The techniques explained so far have been aimed at incorporating historical data into contemporary data management systems. However, these methods are not exclusive to archive data. They could allow a more flexible method of data logging in the lab of the future, enabling research workflows unencumbered by the rigid framework prescribed by tools like ELNs, whose strict layout may lead to valuable data being improperly recorded if it does not fit into their structure.
Additionally, automated ontological development will enable researchers to efficiently use data across the many domains they explore, facilitating cross-disciplinary insights and accelerating the speed at which new products or processes can be developed.
Looking ahead, the potential applications of these datasets are immeasurable.
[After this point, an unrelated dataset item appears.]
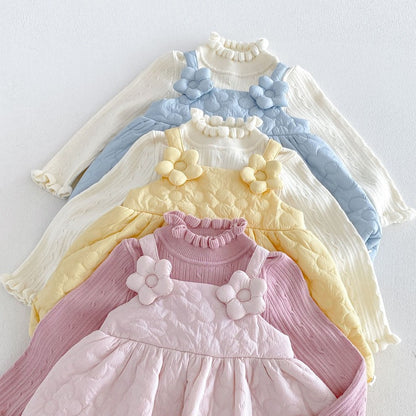 【BABY&KID】冬新作厚手フラワーワンピース、ハイネックニットSK107725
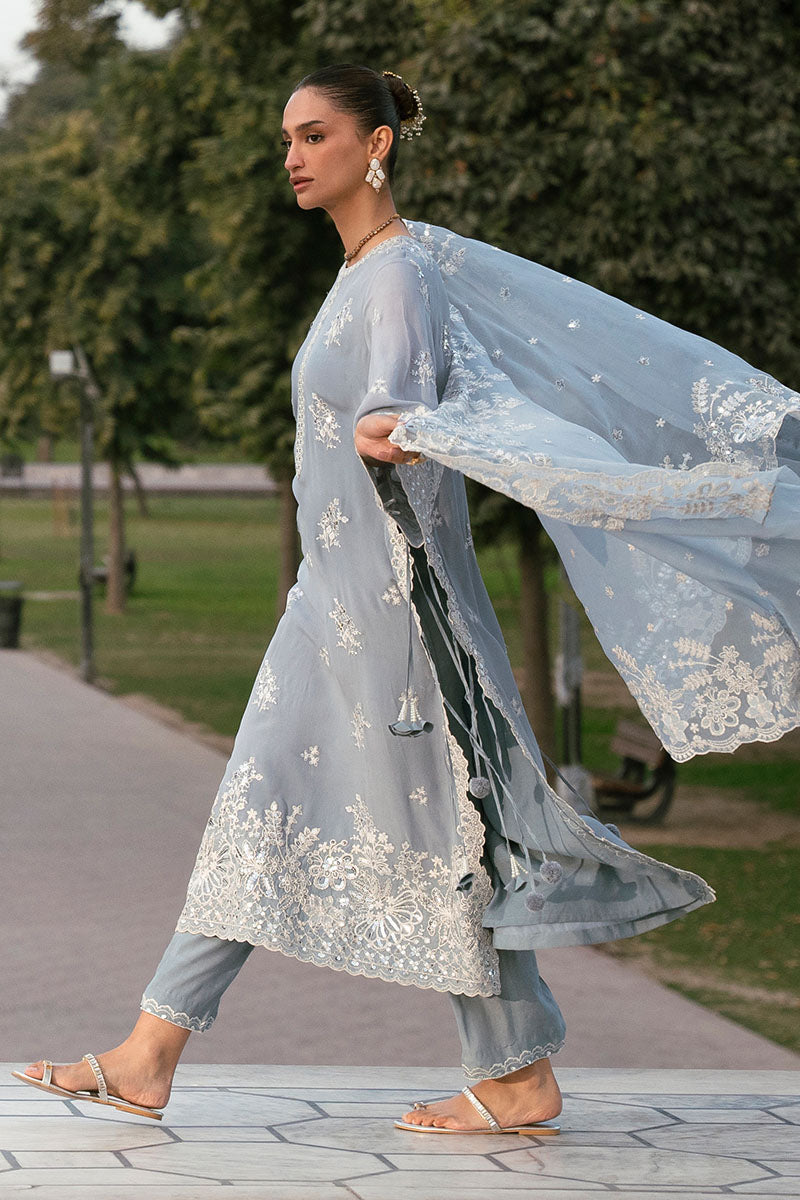 GREY MELANGE-3PC (SHIRT, TROUSER & DUPATTA)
They can fuel data-mining pipelines that identify patterns and opportunities for further experimentation. They can serve as the foundation for training research-focused language models.
At Data Revival, we envisage a future where AI-based systems are key partners in discovery. Imagine intelligent systems that assist scientists in planning and executing experiments, drawing from a vast corpus of past experiments.
Imagine multimodal models capable of processing data in various formats, such as text, images, or sensor readings, to gather insights on a scale beyond human capability. It’s a challenging task, but one that we believe to be instrumental in the future of scientific research.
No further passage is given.